By benefiting from the genocide, I meant that his government benefited from the availability of valuable land that had been depopulated, and that it was easier to enforce cultural erasure and ethnic assimilation after the dirty work of mass slaughter had already been done. The "Citizen, speak Turkish" campaign in the 30's certainly had the effect of strongly discouraging (and in some places punishing) ethnic minorities from speaking their native languages in public.

You also raise a good point that we shouldn't conflate every act of the government with the views and policies of one man. Just like the President of the United States isn't my entire government.

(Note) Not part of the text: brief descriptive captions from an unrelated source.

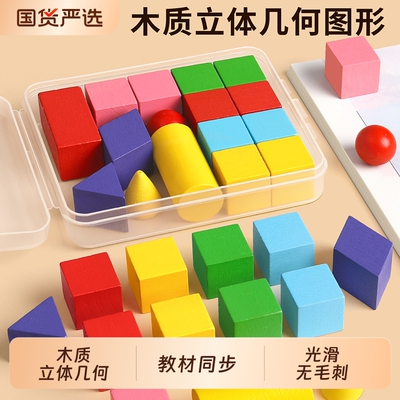 几何体一年级数学教具立体图形
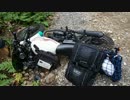 【250TR】のんびりまったり～その8 奥多摩の林道を走る　前編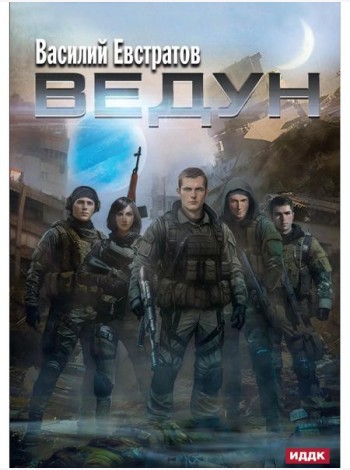 Ведун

I ought to examine this period of history much more critically.

[–] PugJesus@lemmy.world 4 points 2 weeks ago* (last edited 2 weeks ago)

By benefiting from the genocide, I meant that his government benefited from the availability of valuable land that had been depopulated, and that it was easier to enforce cultural erasure and ethnic assimilation after the dirty work of mass slaughter had already been done.

Oh, yes, certainly. If memory serves, Ataturk refused certain minorities expelled during the Ottoman Empire the right to return in some regions, on the account that, while what happened to them was horrible, it would be 'dangerous' for them to return amongst simple country folk who still bore those gruesome prejudices. Which is, of course, also horribly convenient for establishing those areas as Turkish-dominated going forward.

[–] Skullgrid@lemmy.world 4 points 2 weeks ago (1 children)

It's ok, they got to enact the totally awesome and not powder keg setting up Sykes-Picot agreement, which was totally accepted by everyone.

[–] PugJesus@lemmy.world 4 points 2 weeks ago

Oh good, it would've been terrible if all that talk about national self-determination was just stalling to set up post-independence neocolonial concessions that would end up destabilizing the region!